Superintendent of Schools Kyle Gannon took the students back to their days at Queensbury Elementary School, where they learned the phrase, “Work hard, do your best, achieve your dreams at QES.”
He recalled their days at the William H. Barton Intermediate School, Queensbury Middle School, and finally, their last four years of high school.
“What a journey it has been for each of you thus far,” Gannon said.
At the end of his speech, Gannon held over his head a sign with the word “Believe” painted on it as the Journey song “Don’t Stop Believin’” played. He shared 12 leadership lessons gleaned from the show “Ted Lasso.”
“I want the Class of 2023 to know that we here at Queensbury Union Free School District believe in you,” Gannon said. “We believe you will be happy. We believe you will succeed. We believe you are prepared to go out into the world. We believe in you.”
Queensbury senior Carter Olson told his classmates that going to school was a lot like the lifecycle of a frog.
“For the longest time, many of us measured our progress through life like a frog hopping across a pond,” Olson said, “advancing from one lily pad to the next. The only thing that mattered was successfully completing each grade level and making the leap to the next lily pad on the journey to the end.”
Olson reminded his classmates to look for the joy buried beneath the surface of their brains.
“This is one of the great ironies of growing up,” he said. “That with all the new knowledge and skills and critical thinking that we are acquiring, we can sometimes leave the most important stuff behind. We are frogs who have forgotten how to swim because we are too busy stretching our legs.”

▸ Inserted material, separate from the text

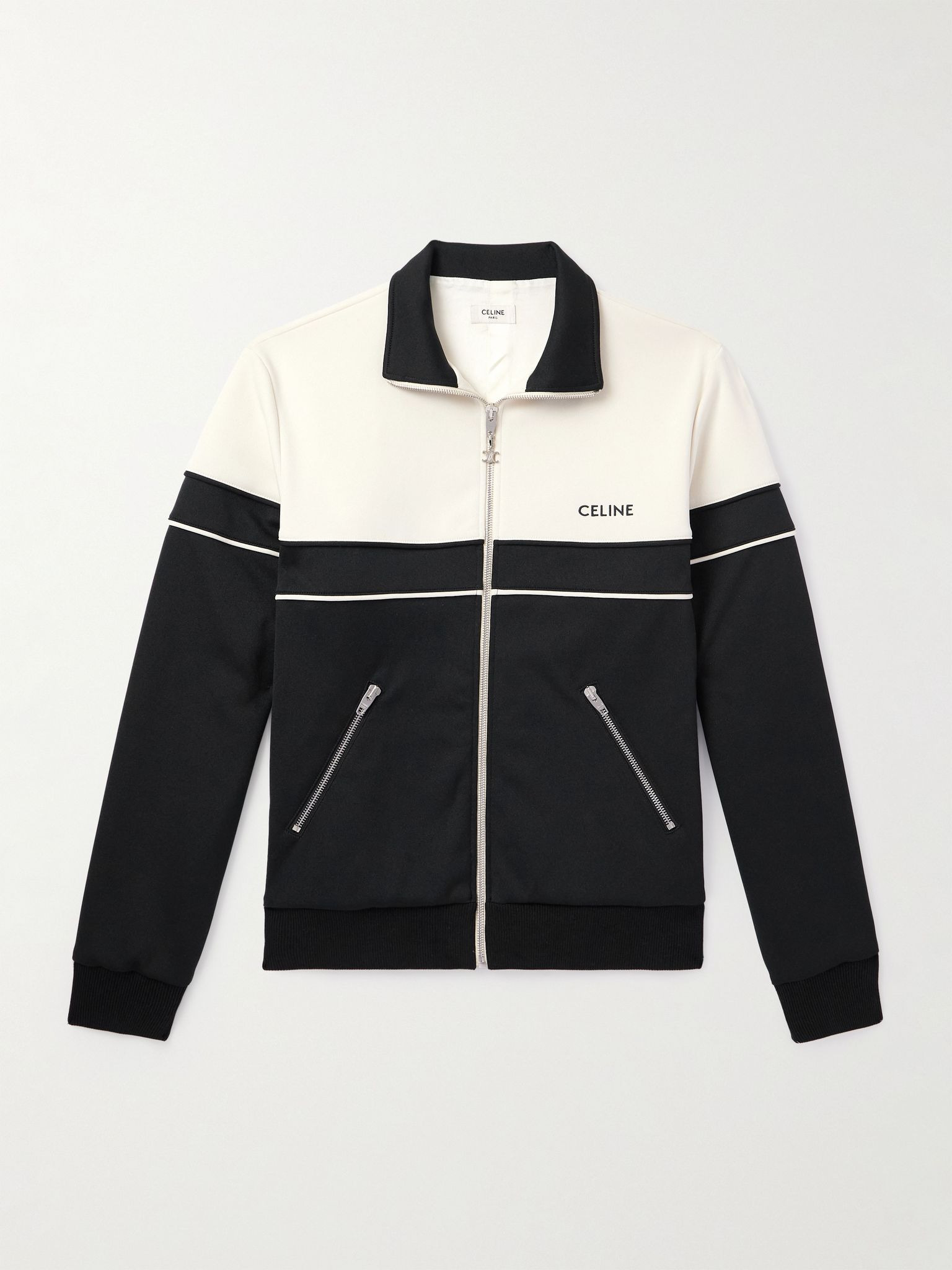 Logo-Embroidered Colour-Block Jersey Track Jacket Black - 1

Senior Meredith Montgomery thanked Queensbury for being her refuge for so many years.
“I encourage you to think of the people and things that have decorated your mind with possibilities and comfort these past years,” Montgomery told her fellow graduates. “I encourage you, on the path to your future, to make your mind the most interesting place in the world to live, with paintings of memories and a kitchen of smells that remind you of everything that makes this little room in your mind so special.”
Queensbury High School Principal Andrew Snide encouraged the graduates to be kind.
“Kindness is the thread that weaves together the very fabric of our humanity,” Snide said. “It’s the gentle touch that can heal wounds, the words of compassion that can lift spirits, and the acts of empathy that can change lives.”
It only takes 30 seconds to truly make a difference, Snide said.
“Building culture 30 seconds at a time, requires intention. It requires us to be present, to be aware of our impact on others, and to choose kindness over indifference,” Snide said. “It is the collective effort of every individual within our community that shapes the culture we hope for.”